Monday, March 24, 2014

Lucia di Lammermoor: Triumph of Madness at LA Opera



By Rodney Punt

There is grand opera and then there is great opera. Lucia di Lammermoor at Los Angeles Opera is both. Nearly two centuries after its premiere in 1835, its grisly flights of vocal frights can still give us the shivers. Which is just what it's doing at the Dorothy Chandler Pavilion in an expressionistic new staging, featuring a top-notch cast and a precision-led, well-projected orchestra. Once again, Lucia di Lammermoor is reveals itself a supreme masterpiece of early Romantic opera. 

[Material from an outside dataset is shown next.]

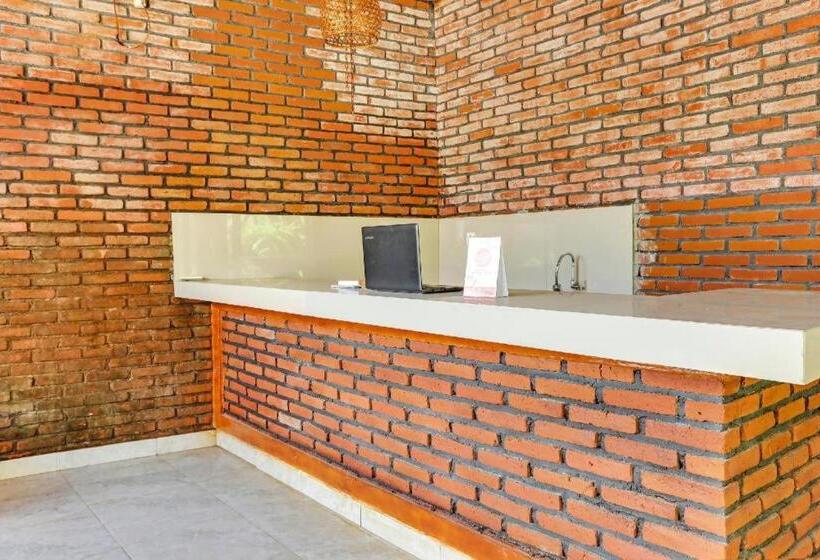 酒店 Spot On 90882 Sari Homestay Near Garuda Wisnu Kencana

At the time of its origins, Rossini had retired and Bellini was in his grave. As the reigning Italian opera composer, Donizetti must have felt a sense of liberation to reach for new heights in this work. Lucia's famous mad scene, for instance, sets the template for Giuseppe Verdi's similar one for Lady Macbeth a dozen years later.

Opera’s progressive camps often dismiss the “bel canto” style for tendencies to hoary dramatics and musical clichés, and, with a story based on one of Sir Walter Scott’s most gruesomely dark thrillers, Lucia, is certainly of this milieu. It mixes more plot devices -- blood feuds, forbidden love, forced marriage, spousal abuse, hallucination and insanity -- than any season of Mad Men.

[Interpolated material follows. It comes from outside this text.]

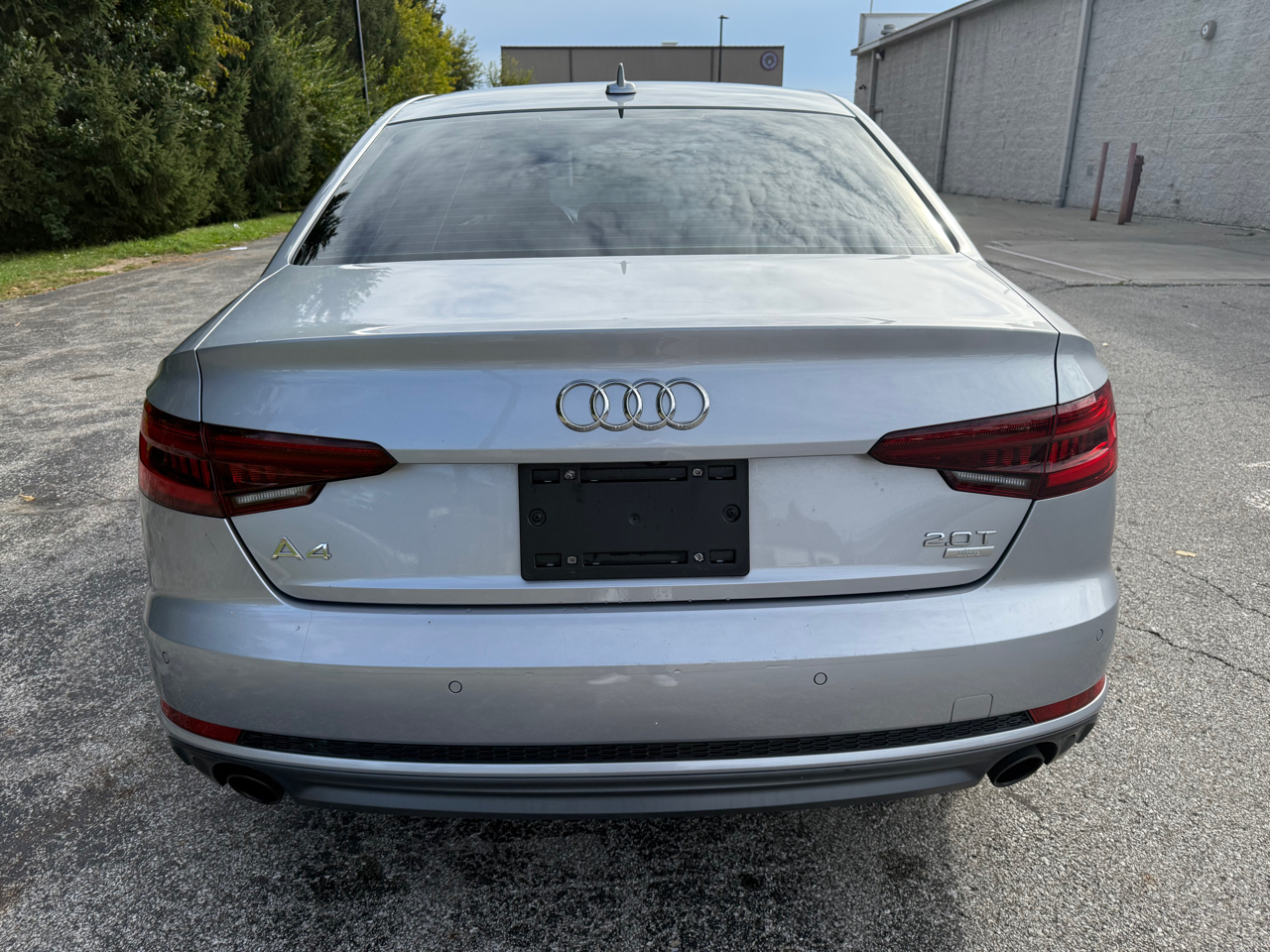 Audi A4 2.0T Premium Plus Sedan 2018 Audi A4 2.0T Premium Plus Sedan 2018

Yet Lucia is also a compelling portrait of a fragile mind in extremis. Donizetti ingeniously shaped his melodies for dramatic and psychological effect, providing spectacular ensembles (the sextet is one of the greatest in all opera) and glinting orchestral colors, and introducing one of the lyric stage's stranger musical instruments. Mopping up the blood and gore in less than three hours, the composer also kept one step ahead of the tedium associated with the soapier side of opera. 

Bel canto means beautiful singing, and any performance of Lucia rises or falls primarily on that standard. Since the revival of this most famous of bel canto operas in the era of great post-war coloraturas -- Maria Callas, Joan Sutherland, and Beverly Sills -- Lucia has been the favored testing ground for its new divas.

In the title role here was Russian coloratura soprano Albina Shagimuratova, who debuted an impressive Queen of the Night in LA Opera’s Magic Flute five years ago. Since then, her voice, while maintaining its brilliance and flexibility, has taken on even greater richness, as has her ability to handle this role’s dramatic journey from love’s raptures to its twisted madness. Her blood-drenched dagger scene, accompanied in the orchestra by the spooky sounds of a glass harmonica, the instrument introduced to opera by the composer, surpassed even the audience's high expectations. Shagimuratova’s intensity and emotional commitment was palpable, inspiring her colleagues to greater heights in their own performances.


The uniformly strong cast of principals, in combination, greatly enhanced the story’s effectiveness. Youthful, ardent and magnetic tenor Saimir Pirgu, as Edgardo, was Lucia’s, hotheaded lover, whose star-crossed fate was ensured by his rival, Enrico, Lucia’s destitute and manipulative brother, menacingly portrayed by baritone Stephen Powell. LA Opera’s impressive in-house bass, James Creswell, was the well-intentioned but ultimately collaborationist cleric, Raimondo. Scene-stealing tenor Vladimir Dmitruk was the tipsy, weak-charactered alternate suitor to Lucia, suitable, that is, for her later cutting edge evaluation. Mellifluous soprano D’Ana Lombard’s Alisa was Lucia’s faithful servant. Tenor Joshua Guerrero’s Normanno coolly assisted Enrico in his fatal deceptions.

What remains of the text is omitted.